Sacred Wonders, episode 1 review: What a wonderful world - just don't spoon-feed it to us

Devoted: a Buddhist warrior monk faced a tough test in the BBC’s Sacred Wonders  - 1
Devoted: a Buddhist warrior monk faced a tough test in the BBC’s Sacred Wonders - 1

It’s not often one finds oneself willing a monk to pass his scripture exam, but so it came to pass during Sacred Wonders (BBC One). This three-part series about spiritually significant sites took us to China’s Shaolin Temple, where a trainee faced two tests to qualify as a full warrior monk.

He’d been studying for a decade and if he failed, he’d have to wait three years to try again. First he aced his kung-fu test, showing flawless skill with his “monkey stick”. Then he had to recite a passage from the Buddhist book of mantras, having learnt 200 pages by heart. Facing a panel of stony-faced seniors, this was like Dragons’ Den, Shaolin-style. I was fully invested and cheered when he passed, taking a huge step along the road to enlightenment.

Each sacred place was viewed through the work of devoted individuals. In Cambodia, a gardener risked his life to save Angkor Wat temple from the encroaching jungle. At Al-Aqsa Mosque in Jerusalem, a volunteer Muslim paramedic fought his own hunger and exhaustion to help other fasting worshippers during Ramadan. During Malaga’s Easter parade, strongmen carried a six-ton statue down narrow streets. And you thought getting a sofa through your front door was tricky.

Angkor Wat in Cambodia
Angkor Wat in Cambodia

This had many hallmarks of high-class BBC factual programming, crying out to be described with words such as “landmark” and “milestone”. Sadly, the show took itself a tad too seriously. Droning narration hit us with so many facts that I felt like I was back at school, watching a drily educational programme on a wheeled-in teak Grundig set while the teacher caught up with some marking.

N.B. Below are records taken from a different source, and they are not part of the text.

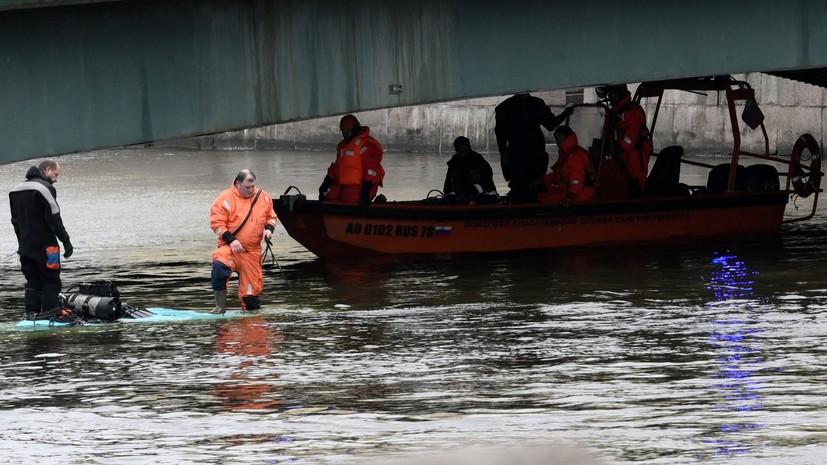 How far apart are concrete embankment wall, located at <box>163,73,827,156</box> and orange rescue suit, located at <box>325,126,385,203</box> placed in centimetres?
1307

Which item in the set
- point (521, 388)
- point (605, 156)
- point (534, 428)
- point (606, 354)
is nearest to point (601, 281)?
point (605, 156)

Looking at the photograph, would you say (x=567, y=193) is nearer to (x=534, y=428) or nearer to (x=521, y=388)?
(x=521, y=388)

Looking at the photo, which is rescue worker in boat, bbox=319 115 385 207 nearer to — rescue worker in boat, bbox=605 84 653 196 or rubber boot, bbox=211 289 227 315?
rescue worker in boat, bbox=605 84 653 196

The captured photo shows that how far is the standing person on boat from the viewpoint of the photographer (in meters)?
15.7

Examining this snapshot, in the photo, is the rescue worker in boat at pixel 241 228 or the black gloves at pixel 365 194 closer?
the rescue worker in boat at pixel 241 228

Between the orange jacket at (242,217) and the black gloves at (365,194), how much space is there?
5139 mm

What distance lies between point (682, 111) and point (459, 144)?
18.5 m

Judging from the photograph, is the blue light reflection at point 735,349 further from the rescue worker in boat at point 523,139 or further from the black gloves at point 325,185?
the black gloves at point 325,185

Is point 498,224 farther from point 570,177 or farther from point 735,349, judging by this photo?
point 735,349

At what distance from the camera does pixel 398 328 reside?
51.3 feet

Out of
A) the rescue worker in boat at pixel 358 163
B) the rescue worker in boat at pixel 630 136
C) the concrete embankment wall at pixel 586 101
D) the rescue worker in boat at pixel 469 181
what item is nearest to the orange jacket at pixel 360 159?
the rescue worker in boat at pixel 358 163

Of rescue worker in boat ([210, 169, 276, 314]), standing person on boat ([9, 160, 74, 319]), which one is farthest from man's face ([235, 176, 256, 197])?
standing person on boat ([9, 160, 74, 319])

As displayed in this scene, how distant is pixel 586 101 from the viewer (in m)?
41.1

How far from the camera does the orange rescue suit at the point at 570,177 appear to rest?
2200 centimetres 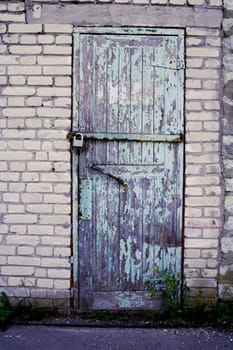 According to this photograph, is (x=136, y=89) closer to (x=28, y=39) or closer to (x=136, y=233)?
(x=28, y=39)

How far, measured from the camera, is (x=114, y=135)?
3371mm

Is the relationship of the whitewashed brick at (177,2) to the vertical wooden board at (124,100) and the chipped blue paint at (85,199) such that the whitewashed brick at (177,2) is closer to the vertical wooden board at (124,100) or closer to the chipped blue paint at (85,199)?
the vertical wooden board at (124,100)

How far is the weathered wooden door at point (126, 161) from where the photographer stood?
335 centimetres

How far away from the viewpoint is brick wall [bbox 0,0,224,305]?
3.35 meters

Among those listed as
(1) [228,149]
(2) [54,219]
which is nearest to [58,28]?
(2) [54,219]

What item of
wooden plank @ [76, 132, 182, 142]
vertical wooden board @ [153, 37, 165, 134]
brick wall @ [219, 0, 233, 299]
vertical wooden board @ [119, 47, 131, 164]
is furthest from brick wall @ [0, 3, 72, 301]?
brick wall @ [219, 0, 233, 299]

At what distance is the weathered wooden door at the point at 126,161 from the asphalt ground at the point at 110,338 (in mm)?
309

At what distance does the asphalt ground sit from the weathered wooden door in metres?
0.31

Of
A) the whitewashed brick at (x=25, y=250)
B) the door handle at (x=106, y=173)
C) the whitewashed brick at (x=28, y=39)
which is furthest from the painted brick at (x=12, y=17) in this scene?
the whitewashed brick at (x=25, y=250)

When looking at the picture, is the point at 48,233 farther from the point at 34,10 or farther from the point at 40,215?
the point at 34,10

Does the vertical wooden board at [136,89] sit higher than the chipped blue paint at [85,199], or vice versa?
the vertical wooden board at [136,89]

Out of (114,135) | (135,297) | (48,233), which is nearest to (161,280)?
(135,297)

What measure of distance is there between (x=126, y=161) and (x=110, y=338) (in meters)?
1.31

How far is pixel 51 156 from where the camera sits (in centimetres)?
338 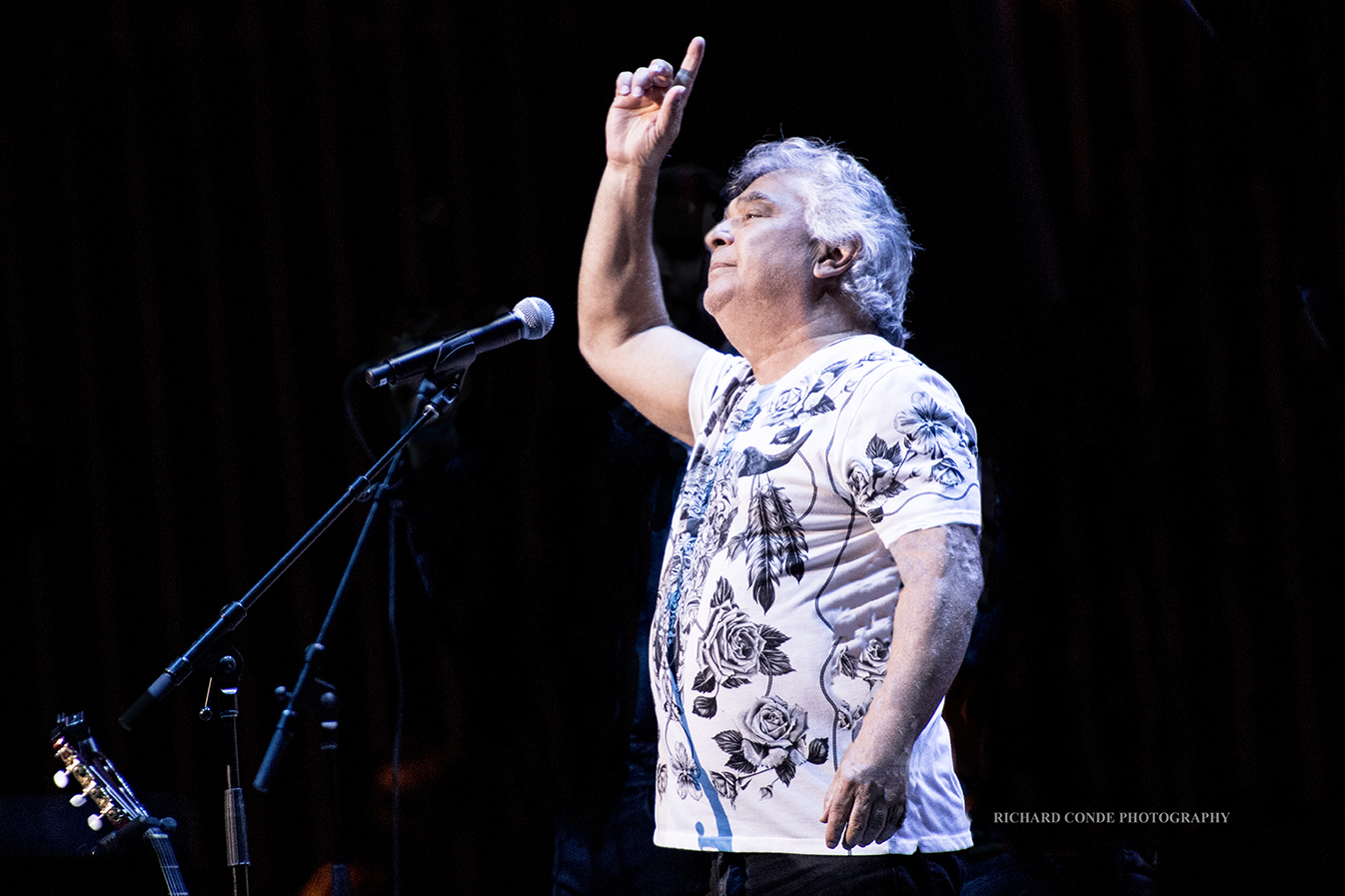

Segues from one site to the next were clumsy. It even ended with a behind-the-scenes “making-of” segment, like David Attenborough’s wildlife documentaries do nowadays. Unfortunately, lost phone signals, paperwork problems and production teams getting stuck in traffic aren’t quite as thrilling as cameramen creeping dangerously close to killer lions, so this merely felt self-indulgent. These were fascinating subjects, spectacularly shot, but let down by  the plodding, verging-on-pompous approach.